In a study of Balkan storytellers in the 1930's, a discussion was recorded that demonstrates the fraught interface between literate (writing-based) and nonliterate (reliance on memory and repeated standard phrases) approaches to reciting remembered events. By this time, the oral tradition of telling and singing the old epic tales existed side-by-side with a growing written literature in which the tales were stored in books. This approximately mirrors the first century when this parallel also existed. Written material was often considered essentially "oral" by those who did not have the regular experience of learning by reading.
A participant in the study, Hivso Dzafic, was acquainted with a well-known (illiterate) singer of tales named Avdo Mededovic. When asked about Avdo's rendition of a story called The Wedding of Smailagic Meho, He shared that he had read it to Advo from a printed songbook while they worked together in their butcher shop. The researcher asked:
"Did he (Mededovic) sing it just the way it was in the poem or did he sing it longer than that?"
Dzafic: "…he sang it all exactly as it is in the book…it got quite long by the time he was through with it because you see it… it doesn't take as much time to read it as it does to sing it."
"Of course. but do you supposed there was possibly some difference, that he might have added something here or there?"
"Oh I couldn't judge that at all."
"That there was anything added?"
"On my word of honor I didn't notice anything to criticize… It's the same was in the book as it is when he sings it. If I were to take the book, and open it like this while he was dictating, I'd see exactly the same thing there with my eyes as he'd said. (Crossan p. 77)

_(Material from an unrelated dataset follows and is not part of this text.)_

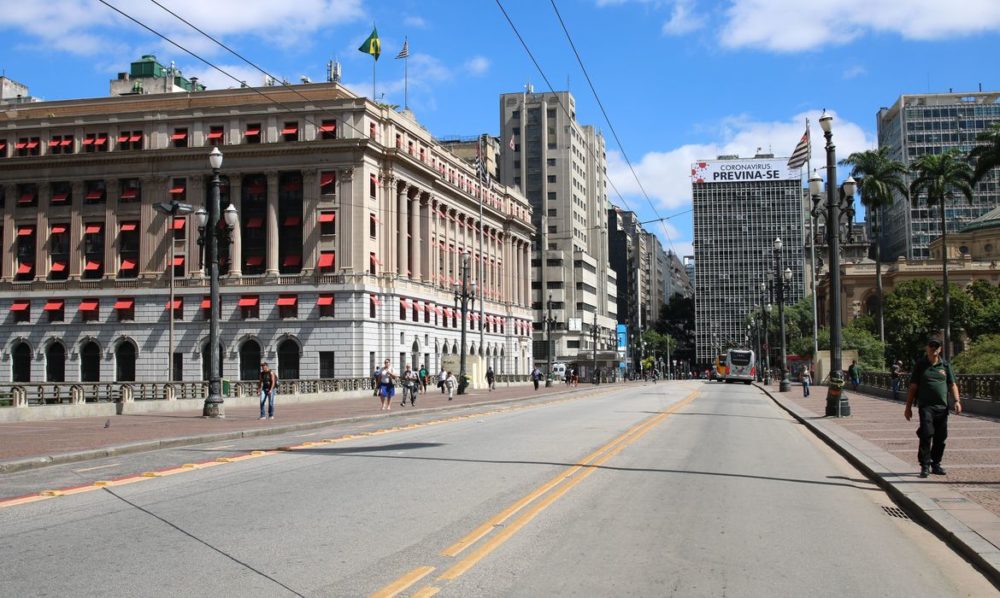 São Paulo entra em quarentena aos finais de semana São Paulo entra em quarentena aos finais de semana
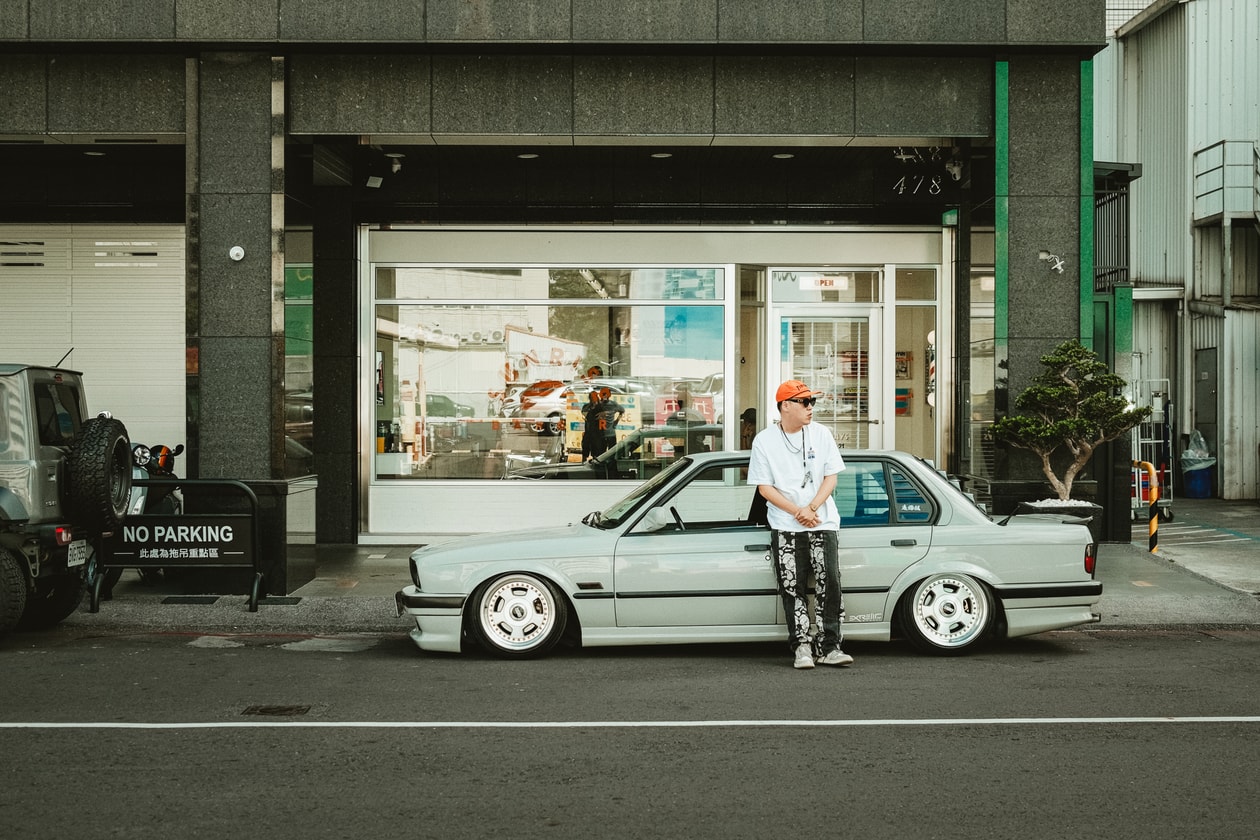 DRIVERS: SUNRISE BARBER 男士理髮師 Mark 與愛駒 BMW E30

In other words, precision in a "good" rendition of a story does not factor in when orality prevails in a culture. "Good" and "accurate" are apples and oranges. Details can be added, subtracted, embellished and otherwise changed as long as the story makes sense to a listener and bears a passing resemblance to what they remember. Accuracy as a primary measure of the quality of a written source did not arise until the ability to read and compare texts caught on outside a narrow society of elites.
Our demand of accuracy from biblical material is just one example of how we unconsciously transfer our expectations of written literature to ancient writings without considering the tremendous differences between the two. When reading the gospels, for example, we treat them as accurate eyewitness accounts of the actual words and deeds of Jesus. In actuality, we are reading examples of later theologically crafted and persuasive rhetorical editions of what the Jewish-Christian Jesus communities needed at the time. Choices were made about what to include and what to skip. Stories and speeches- what Jesus "would have said-" were chosen because they supported a point of view or a persuasive aim.
The claim that ONLY the originally inked manuscripts were inspired and inerrant leaves us with less inspired and inerrant ones UNLESS the writers of the Septuagint, Johannes Gutenberg and the Committee on Bible Translation (producers of the NIV) can be considered as similarly inspired and inerrant in their linguistic choices.
These historical data should slow our automatic tendency to assign authors to eponymous ancient documents. Historically, it was a move to increase the respectability of a text and raise its status among the variety of other texts in circulation at the time. It's why we have so many extrabiblical titles competing for authority that we know weren't written by their purported authors, such as: the books of Enoch, The Wisdom of Solomon, The Testament of Abraham, The Gospel of Judas, and the Gospel of Thomas. It was commonplace to affix the name of an authoritative figure to a text that churches might use liturgically.
The likelihood is much higher that writer of Matthew wrote "as if" he were the Apostle Matthew OR that the gospel was initially accepted as anonymous and a later redactor decided to attach Matthew's name to it. Same for Mark and John. Luke may be an exception as there is not claim of direct contact with Jesus- and his contact with Paul is debated. First and Second Peter are good examples of later texts that purport to be from the hand of eyewitness Peter, but are plagued with elements that put this claim in doubt. Scholarly digging into the vocabulary, style, and themes of 1 and 2 Peter only deepens the controversy.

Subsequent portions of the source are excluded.